● WHAT NEEDS TO BE DONE: The output is the lines below from the one with "No name, a female" through the one with "Prodej domu 360 m²", both included, printed exactly and with no other line.

● EXTRACTED ENTRIES:
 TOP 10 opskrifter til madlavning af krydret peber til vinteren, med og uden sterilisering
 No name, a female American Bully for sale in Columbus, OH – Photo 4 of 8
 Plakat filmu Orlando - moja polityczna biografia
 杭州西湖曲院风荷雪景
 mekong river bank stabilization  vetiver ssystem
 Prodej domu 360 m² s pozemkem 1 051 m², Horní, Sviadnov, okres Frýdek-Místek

---

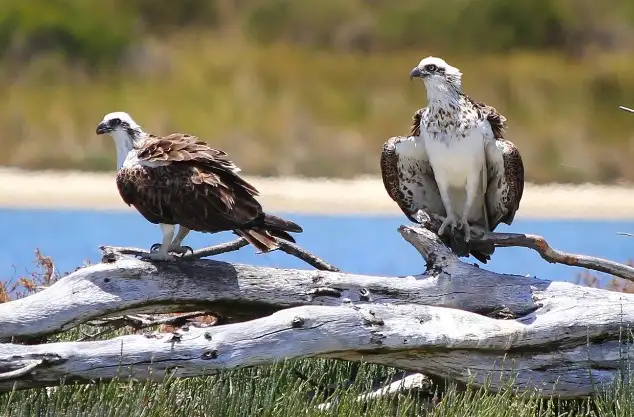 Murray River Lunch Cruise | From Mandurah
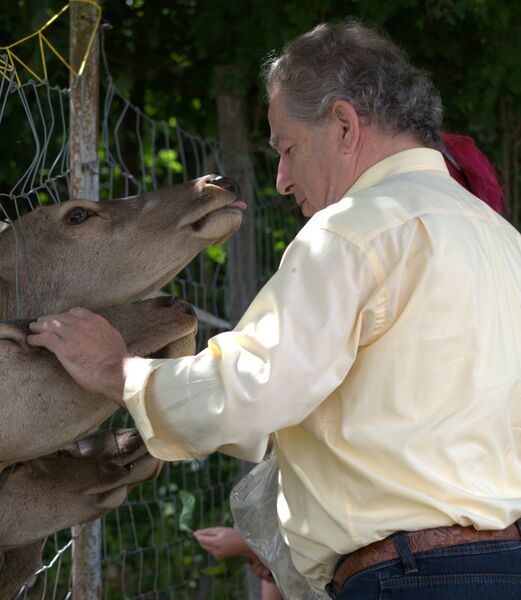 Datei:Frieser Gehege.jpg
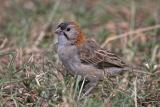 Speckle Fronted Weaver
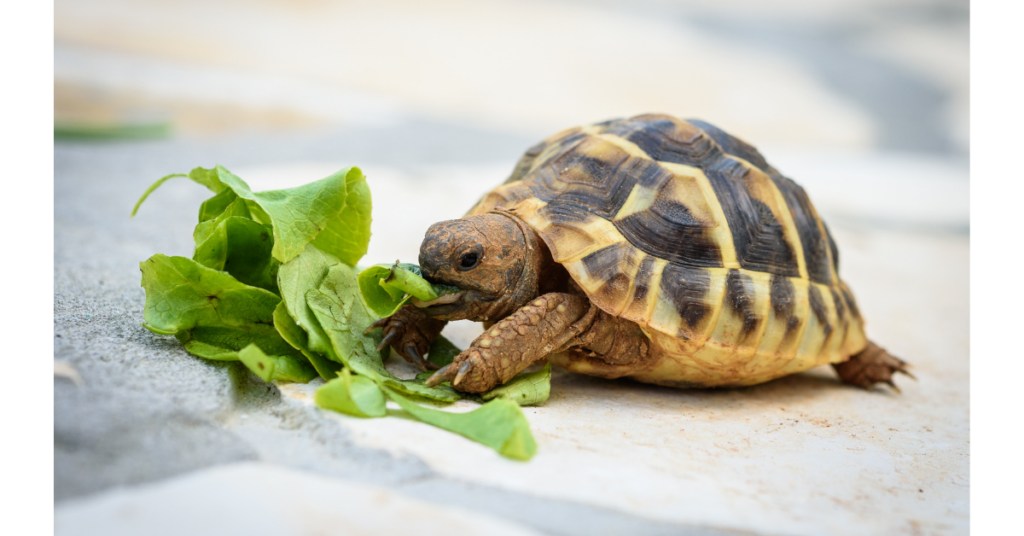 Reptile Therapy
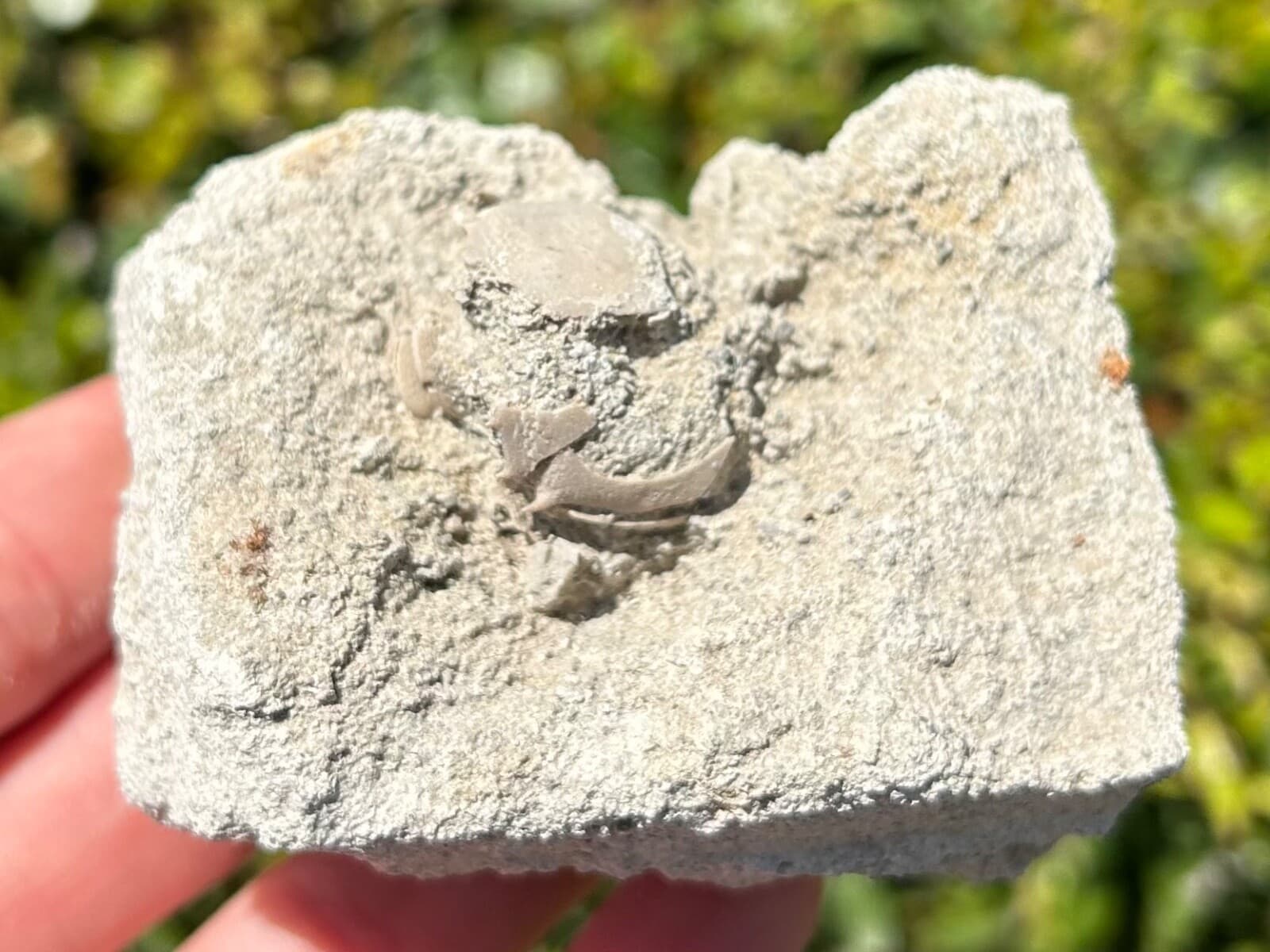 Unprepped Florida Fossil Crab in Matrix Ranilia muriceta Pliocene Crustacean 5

● RESULT BELOW:
 No name, a female American Bully for sale in Columbus, OH – Photo 4 of 8
 Plakat filmu Orlando - moja polityczna biografia
 杭州西湖曲院风荷雪景
 mekong river bank stabilization  vetiver ssystem
 Prodej domu 360 m² s pozemkem 1 051 m², Horní, Sviadnov, okres Frýdek-Místek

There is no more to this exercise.